As first impressions are essential, I wanted to share my thoughts on a few books that had a huge impact on me as a reader due to their powerful beginnings.


Lullaby / The Perfect Nanny – Leila Slimani

The baby is dead. It only took few seconds.

Leila Slimani paints a picture of horror and chaos in the opening chapter of Lullaby (published as The Perfect Nanny in USA). Although I ended up disliking this book for many reasons, the events revealed in the first chapter were shocking enough to pique my interest and encourage me to continue reading. The details in the first chapter almost feel too explicit and unnecessary at times but setting the scene with the murder and revealing snippets of the events building up to it is a very powerful technique which I felt worked extremely well in this book.


The 7½ Deaths of Evelyn Hardcastle – Stuart Turton

I forget everything between footsteps.

“Anna!” I finish shouting, snapping my mouth shut in surprise. 

My mind has gone blank. I don’t know who Anna is or why I’m calling her name. I don’t even know how I got here…

The first chapter of The 7½ Deaths of Evelyn Hardcastle is as intense and superb as the rest of the book. What makes it stand out is the precise choice of words and unique writing style that immediately transports the reader to the setting. I was impressed with so many aspects of this book and, although I read it almost over one year ago, the opening chapter stayed with me even to this today.


Fahrenheit 451 – Ray Bradbury

It was a pleasure to burn.
It was a special pleasure to see things eaten, to see things blackened and
changed…

 

The first few sentences emphasise the essence of this book by exploring the senses through the eyes of the main character. The writing is so powerful that I could almost feel the heat and blaze as I read the first chapter. It is arguably one of the most notorious opening lines in literature and rightfully so.

As a reader, I am immediately influenced by the first chapter of any book, sometimes almost subconsciously.
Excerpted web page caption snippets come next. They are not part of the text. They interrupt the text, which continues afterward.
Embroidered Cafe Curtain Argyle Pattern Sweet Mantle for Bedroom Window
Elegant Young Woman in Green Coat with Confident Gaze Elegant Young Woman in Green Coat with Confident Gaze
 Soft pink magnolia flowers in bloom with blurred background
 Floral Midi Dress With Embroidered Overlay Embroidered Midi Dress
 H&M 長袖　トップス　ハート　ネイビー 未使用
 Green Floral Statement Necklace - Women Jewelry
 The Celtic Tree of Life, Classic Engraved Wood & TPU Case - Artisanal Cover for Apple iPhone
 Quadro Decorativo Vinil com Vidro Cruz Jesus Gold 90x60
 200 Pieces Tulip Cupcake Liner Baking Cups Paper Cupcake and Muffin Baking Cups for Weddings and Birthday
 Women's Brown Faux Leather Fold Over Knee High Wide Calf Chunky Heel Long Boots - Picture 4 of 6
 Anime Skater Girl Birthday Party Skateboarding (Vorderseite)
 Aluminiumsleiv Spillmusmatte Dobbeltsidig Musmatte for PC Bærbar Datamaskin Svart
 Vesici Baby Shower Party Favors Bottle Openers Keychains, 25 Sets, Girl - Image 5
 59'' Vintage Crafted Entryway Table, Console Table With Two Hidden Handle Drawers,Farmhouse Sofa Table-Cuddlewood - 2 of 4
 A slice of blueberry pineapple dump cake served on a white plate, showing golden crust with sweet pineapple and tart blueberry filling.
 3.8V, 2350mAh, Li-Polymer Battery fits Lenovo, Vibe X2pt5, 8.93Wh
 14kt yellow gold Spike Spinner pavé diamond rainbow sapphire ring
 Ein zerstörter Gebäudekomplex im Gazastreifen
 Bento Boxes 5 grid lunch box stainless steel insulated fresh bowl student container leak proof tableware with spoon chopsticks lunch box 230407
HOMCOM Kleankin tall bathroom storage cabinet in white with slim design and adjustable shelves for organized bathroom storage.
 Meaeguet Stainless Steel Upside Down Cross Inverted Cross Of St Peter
Although I enjoy slow beginnings if the writing suits the genre of the book, unexpected opening lines or unforeseen events revealed in the first pages almost always convince me that the book I am about to read will be a hit and for that reason I will almost always prefer it to a slower beginning.

Question time

Do the first few paragraphs or chapters of a book have an impact on you as a reader? What are some of your favourite opening lines?

10 thoughts on “The influence of opening lines and catchy beginnings

  1. “To many, I was myth incarnate, the embodiment of a most superb legend, a fairy tale. Some considered me a monster, a mutation. To my great misfortune, I was once mistaken for an angel.”

    The Strange and Beautiful Sorrows of Ava Lavender by Leslye Walton

    One of my favs, for a very odd and beautiful book. The 7 1/2 Deaths has been on my list for a while – I’ll have to see how the first chapter grabs me, if it does like it did for you!

    Liked by 1 person

  2. Definitely agree that the first lines and chapter can make or break the novel, with the publishers and readers alike! If the beginning is good, I’ll immediately get drawn in and probably read a lot more, but if it’s bad I’ll probably put it down, and sometimes a lot of time goes by that I even forget what I was reading, so I usually give up. 7 deaths of Evelyn Hardcastle was the best book I’ve read last year, and I remember the first chapter being the bomb! 🙂

    Liked by 1 person

    1. I’m glad to see that I’m not the only one to get disinterested if the beginning of a book is slow and doesn’t seem to go anywhere. And yes, that first chapter of Seven Deaths of Evelyn Hardcastle was just amazing and it was the best book I read last year too! ❤

      Liked by 1 person

      1. I don’t mind if the beginning is slow, but it has to have some substance, to make me interested. 🙂 Seven Deaths was one of the very few books which drew me in so much I felt I was a part of the story. 😀 I can’t wait to see what Stuart Turton writes next, he’s set the bar very high. 🙂

        Liked by 1 person

      2. I’m also very excited for his next book to be published! I know that he’s in the process of writing so hopefully we’ll get to read it soon and it will be just as good if not better than Evelyn Hardcastle!